Viennese Critics Praise American Youth Orchestra
By Maurice Faulkner
When the tough Viennese music critics attend a concert given by an amateur orchestra and then use such phrases as, "Bravo für ein Jugendorchester!" in the Wiener Zeitung and "Thus could Mahler's Fourth Symphony truly vibrate with its passion and pathos…" in the Kronen Zeitung, the performers realize that they have arrived at the peak of perfection, at least as far as the Viennese are concerned. For these are some of the same critics who recently reviewed two Philadelphia Orchestra concerts in the same concert hall with such phrases as, "many notes, but little music!" As an American, it was a pleasure to read the Kronen critic's prediction that "these musicians would soon supply the rising generation of a great orchestra!"
The New England Conservatory Preparatory School Youth Philharmonic Orchestra, Benjamin Zander conducting, astonished the Viennese with its extraordinary performances of Mozart's "Haffner" Symphony and Mahler's Symphony No. 4. To bring Vienna's favorite composers back to that city took a great deal of courage. When the Mahler work ended, though, the audience rose to its feet and shouted its approval. There were numerous curtain calls for the conductor and the soloist, a boy soprano who sang the words from "Des Knaben Wunderhorn" in the fourth movement with such delicacy and accuracy that the Kronen critic called it a "true heavenly joy." The beautiful "Golden Concert Hall" of the Musikverein where Brahms, Wagner, Tchaikovsky, Bruckner, Mahler, and many other famous composers and conductors have worked, served as the backdrop for this ensemble made up primarily of high school students. The Viennese Beckmessers praised the sensitivity and intelligence with which the youngsters performed, writing, "I don't know which, in the slow movement [of the Mahler], was more beautiful: the music or the stirring emotional faces of these children; for the exemplary, intensive musical result, they deserve the most enthusiastic praise, together with their conductor."

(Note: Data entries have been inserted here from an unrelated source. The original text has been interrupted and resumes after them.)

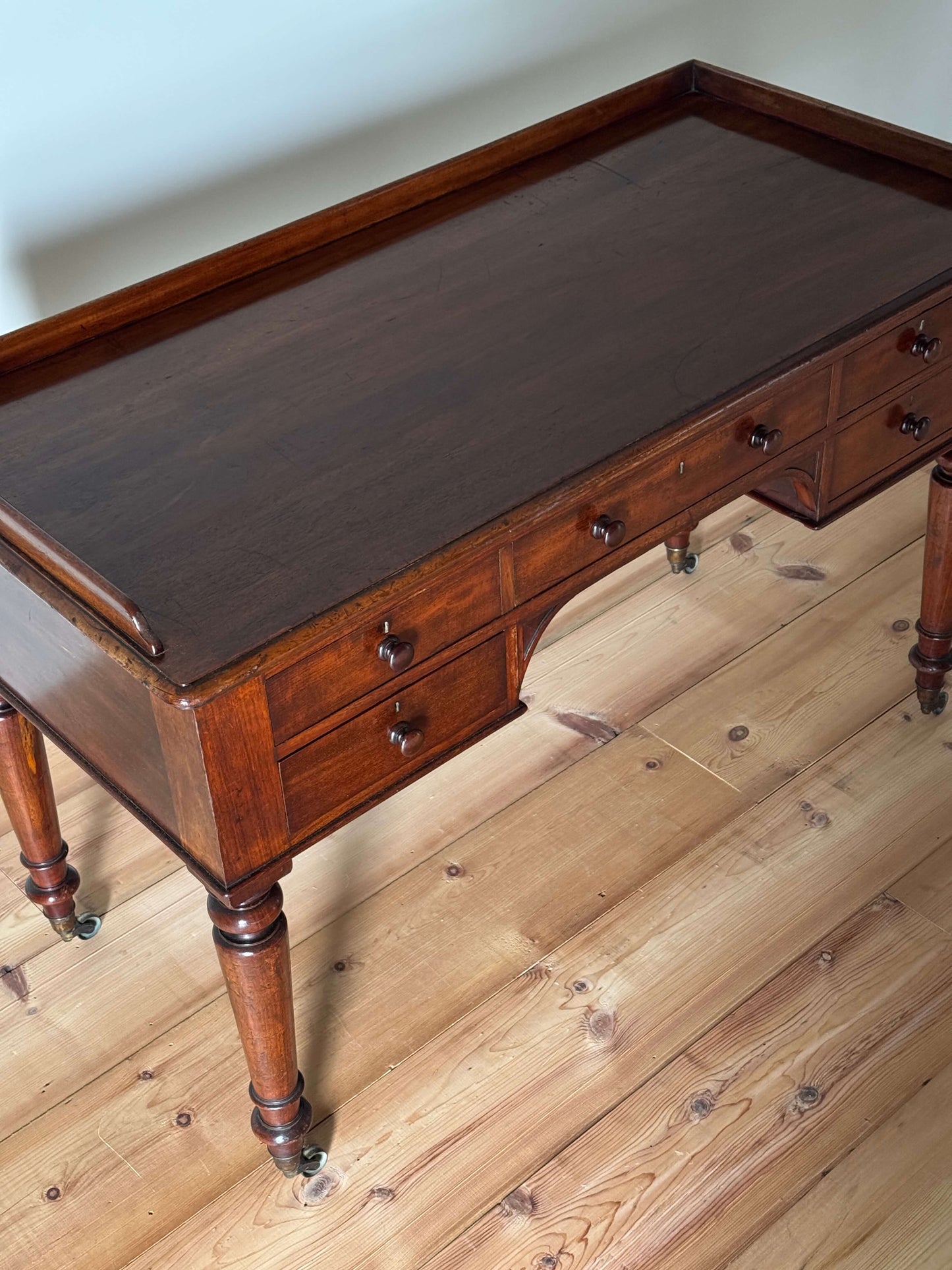 Early Victorian mahogany desk on castors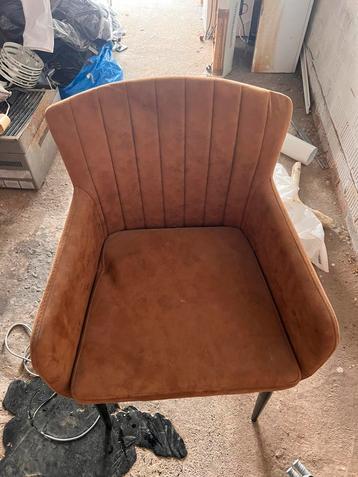 6 stoelen beschikbaar voor biedingen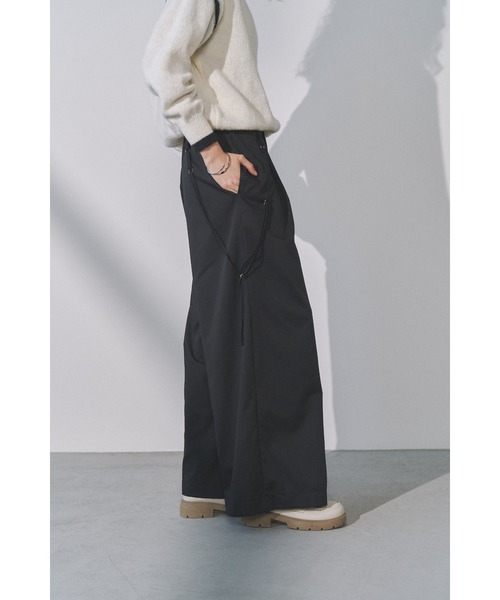 Solace(ソレイス)の「2wayサスペンダー付きワイドパンツ(スラックス・レディース・グレー/ブラック・FREE)」の13枚目の写真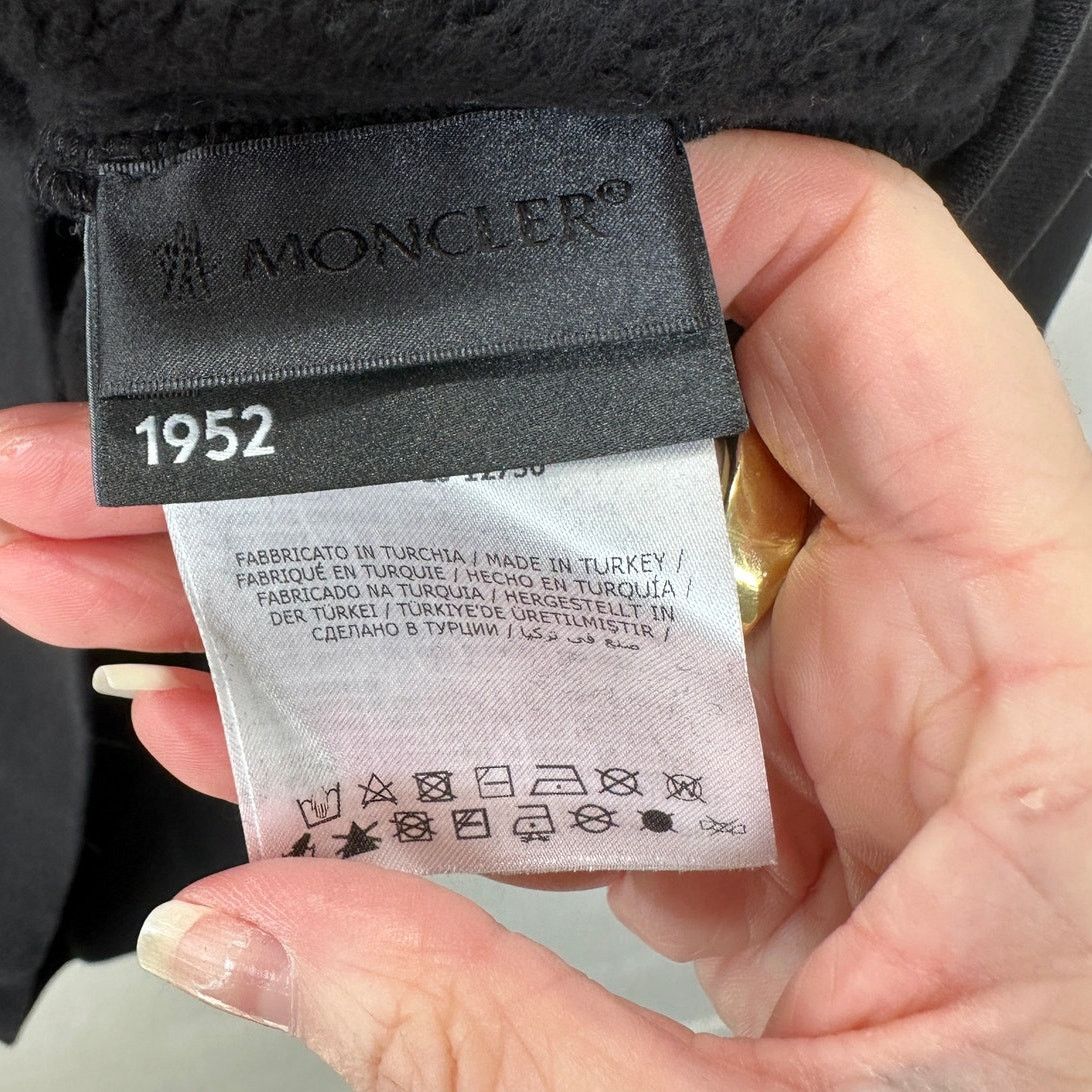 Moncler Genius Moncler Black Genius White Logo Altered Sweatshirt L Size US L / EU 52-54 / 3 - 9 Thumbnail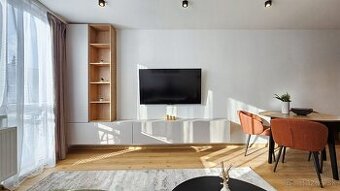 Nadštandardný 3 izbový byt na prenájom - KE,Terasa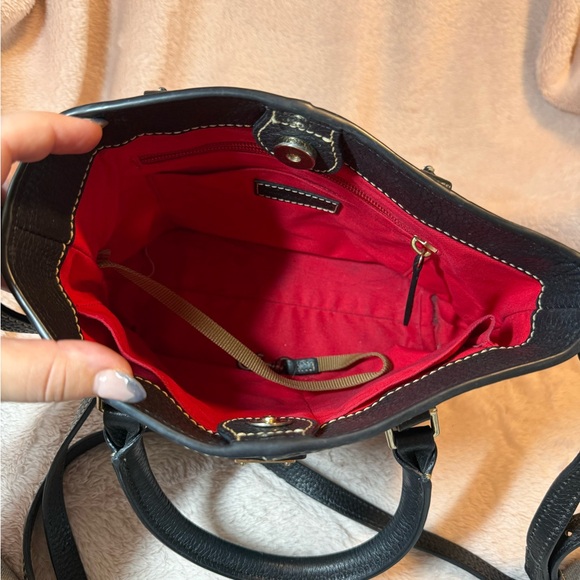 Small Dooney & Bourke Black Crossbody Bag - Picture 2 of 2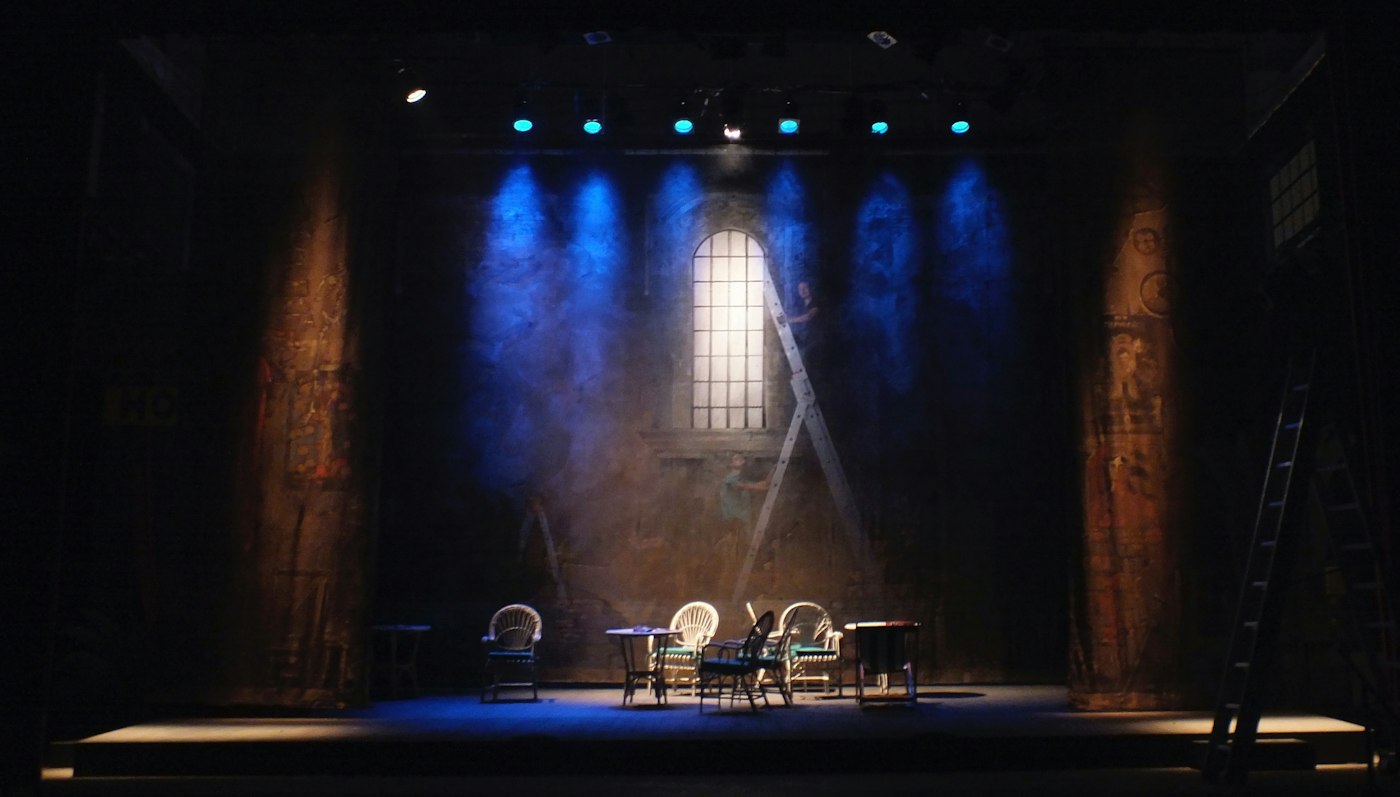 Scenografia teatralna oświetlona niebieskim światłem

Indeed, conductor Zander is extraordinary in his own right. Born in London, the son of a musical father who had performed under Arthur Nikisch in Germany, Zander studied cello as a youth with Pablo Casals. From that auspicious beginning he turned to performing chamber music, conducting, composing, and teaching. Zander now conducts the New England Conservatory orchestra and the Youth Philharmonic Orchestra. As recent project has been to form the Boston Philharmonic Orchestra. If, with his new group, Zander matches the accomplishments of the Youth Orchestra, the Philharmonic will soon give Ozawa and the Boston Symphony a run for their money.
What does one say about the kind of genius that can produce genius in others? Zander is a great teacher and a fine conductor who in Vienna proved that he understands the music of the master composers. The string players may have learned from their teachers to perform all manner of bowing strokes with well-timed professional ease, but it was the conductor who drew on their skill to bring out the delicacies of Mozart and Mahler. The delightful spiccato at the point, in the middle of the bow, and at the more difficult lower half of the bow proved that these players were not overnight wonders but thoroughly trained young professionals.
Brasses maintained superb balance with woodwinds and strings, and wind soloists produced lovely sonorities with the artistry of top-flight professionals. Space unfortunately does not permit me to list the names of the solo horn, solo trumpet, solo oboe, English horn, solo clarinet, solo bassoon, and solo flute, all of whom were applauded as they took bows. Accurate intonation throughout both works, exquisite pianissimos, dramatic fortissimos, and sensitive rubatos in the Mahler along with bright, fast tempos in the Mozart, were all put together in a well-conceived display of musicality. Over the last two decades I have heard noted youth orchestras in the United States, Europe, Australia, Hong Kong, and Japan, yet seldom have I experienced such interpretative genius as in this performance. Some conductors will be fortunate in the future to find these players in their orchestras.
As I enjoyed the American orchestra's success, I couldn't help but recall what Wagner had written about conducting: "The orchestras can play beautiful pianissimos and sonorous fortissimos if someone will insist on it!" Zander produced just such extraordinary results. Recently the tough Viennese critics showed such dissatisfaction with Lorin Maazel as the director of the Vienna State Opera that he resigned before his contract expired. When they heard this group of Americans in the Musikverein, though, they went away with tears in their eyes from the beautiful music-making.